In the first post on Auto Layout, a single view was positioned in various ways. Now I want to look at going beyond this and placing a view within a view.
A view within a view that resizes
The first step is to create a centred view that fills the screen. If you can't remember how this is done, return to the first post. The next steps are as follows:1. Place a new view in the bottom right corner of the first.
2. Control + click and drag (or three-finger drag) out constraints in every direction being careful to constrain within the first view (and not its superview).
3. Each time you release the drag, select the top option from the box that appears.
4. Once your views look like this:
5. Build and run in an iPad simulator in the first instance. You should see everything stretch and shrink proportionally.
6. Now load this onto the iPhone simulator. You may be surprised to see the subview shrink out of sight. This is because what is determining the size of the view is not the view's apparent size but the space left after the constraints are fulfilled. If the top constraint added to the bottom constraint consumes more space than is available on the screen then it will shrink out of sight.

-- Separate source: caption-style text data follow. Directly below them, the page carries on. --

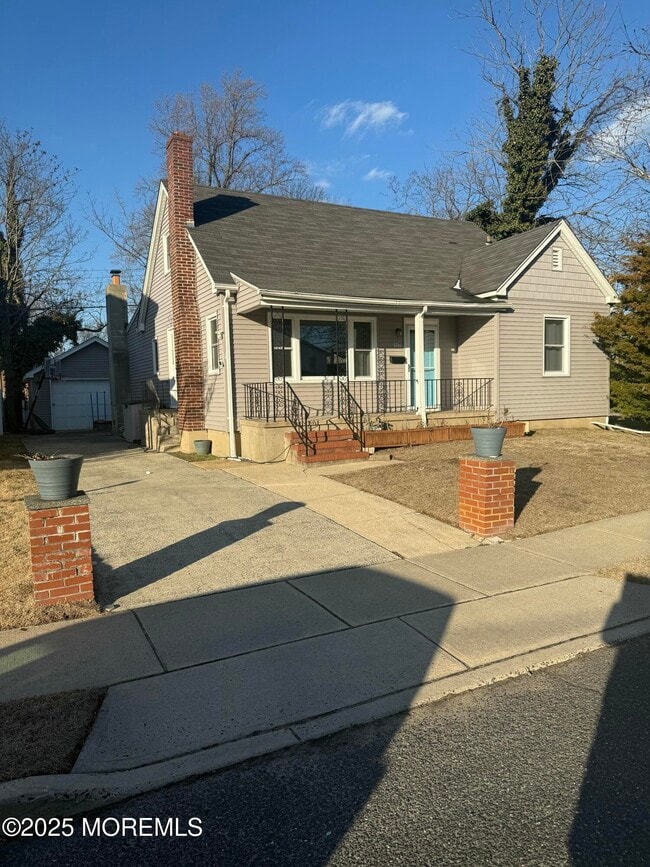 Primary Photo - 17 Wyckoff St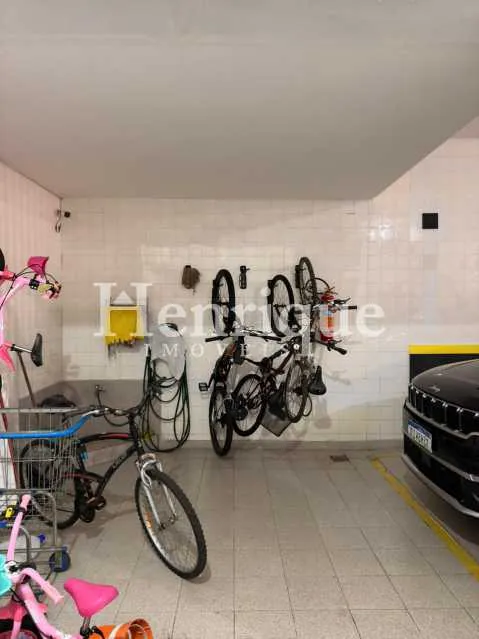 Дерев'яна підлога або ламінат та 3 спальні: квартира 150 м² — photo 21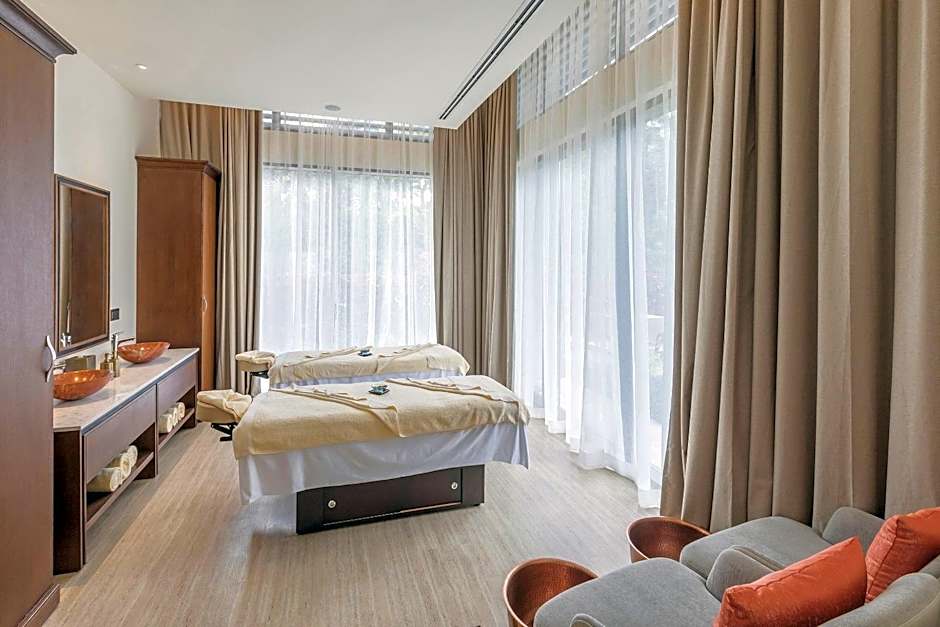 Gran Melia Arusha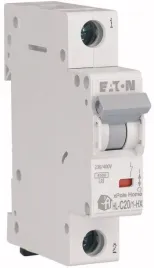 eaton-wylacznik-nadpradowy-c-20a-1p-1m-6ka-hn-c20-1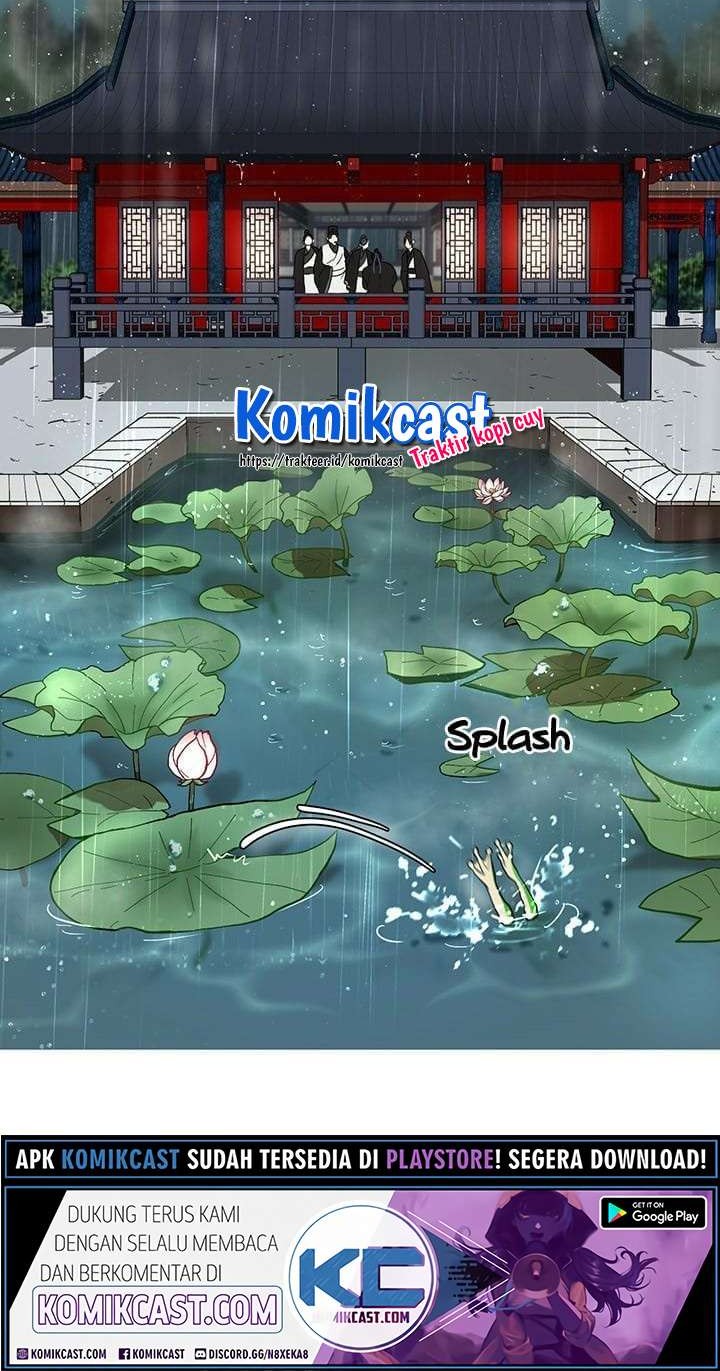 Mudang Association Chapter 15 Gambar 4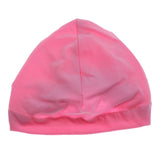 Maxbell Newborn Baby Girls Infant Bowknot Hat Toddler Cotton Beanie Hat Cap Pink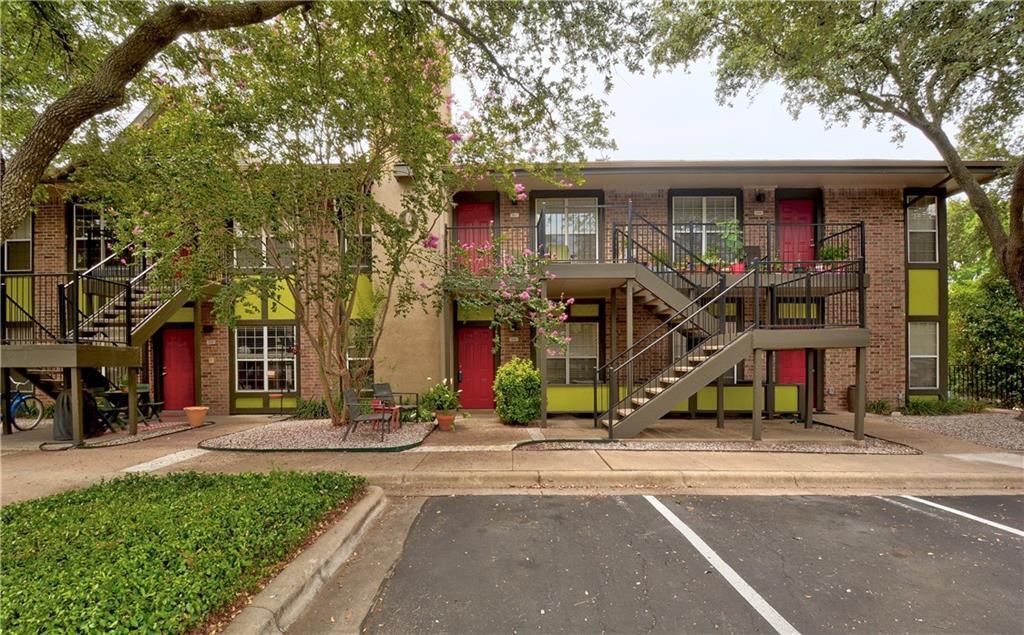 7685 Northcross Drive 921, Austin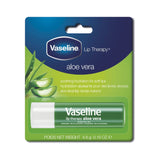 Lūpų balzamas Aloe Vera Lip Care, 4,8g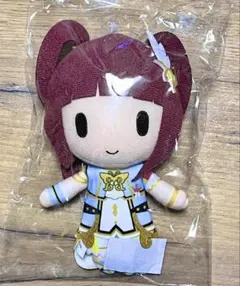2026年最新】アイドルマスター ミリオンライブ! ぬいぐるみ 松田亜利沙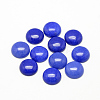 Natural White Jade Cabochons G-R416-12mm-03-1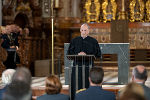 Interreligiöse Gedenkfeier im Grazer Dom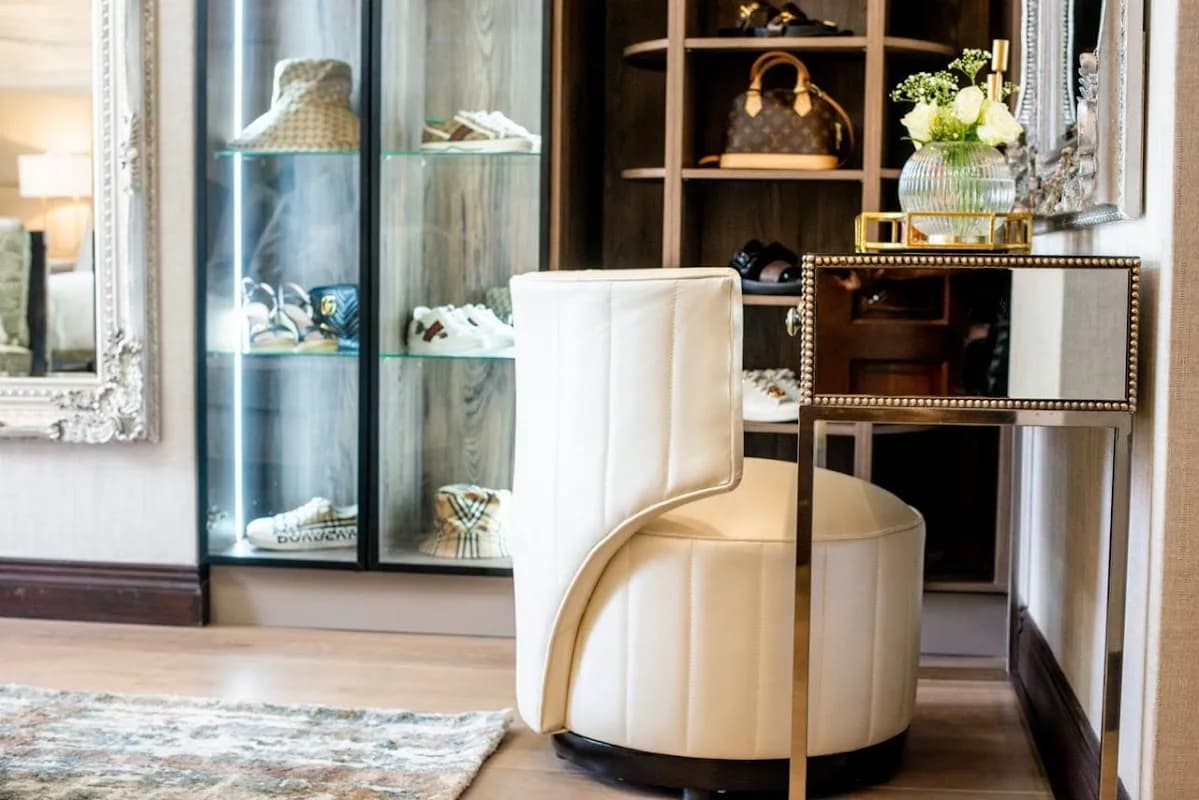 Signature Room in Del Judor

7. Make the view much bigger so it consumes nearly the whole of the lower half of its superview. Now update the constraints and then run again. You should see something that works more as expected. But still the stretching and shrinking is amplified in comparison to what we see on the iPad, because of the ratio of height to width being so different.

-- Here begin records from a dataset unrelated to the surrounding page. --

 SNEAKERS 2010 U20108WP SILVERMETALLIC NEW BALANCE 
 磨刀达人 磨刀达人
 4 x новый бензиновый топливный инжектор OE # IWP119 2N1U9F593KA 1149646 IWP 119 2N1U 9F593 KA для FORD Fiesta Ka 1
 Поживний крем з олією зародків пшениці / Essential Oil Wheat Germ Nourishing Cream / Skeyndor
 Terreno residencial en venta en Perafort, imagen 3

A view within a view with a fixed size
1. Select the view and delete the top and left (or leading) constraints.
2. Select the view again and click on the third icon along the bottom right of the storyboard pane.
3. Check the Width and Height boxes and then click the 'Add 2 Constraints' button.
4. Your storyboard should now look like this:
5. Build and run. The result now should be that the view remains a fixed size and stays tight to the bottom corner.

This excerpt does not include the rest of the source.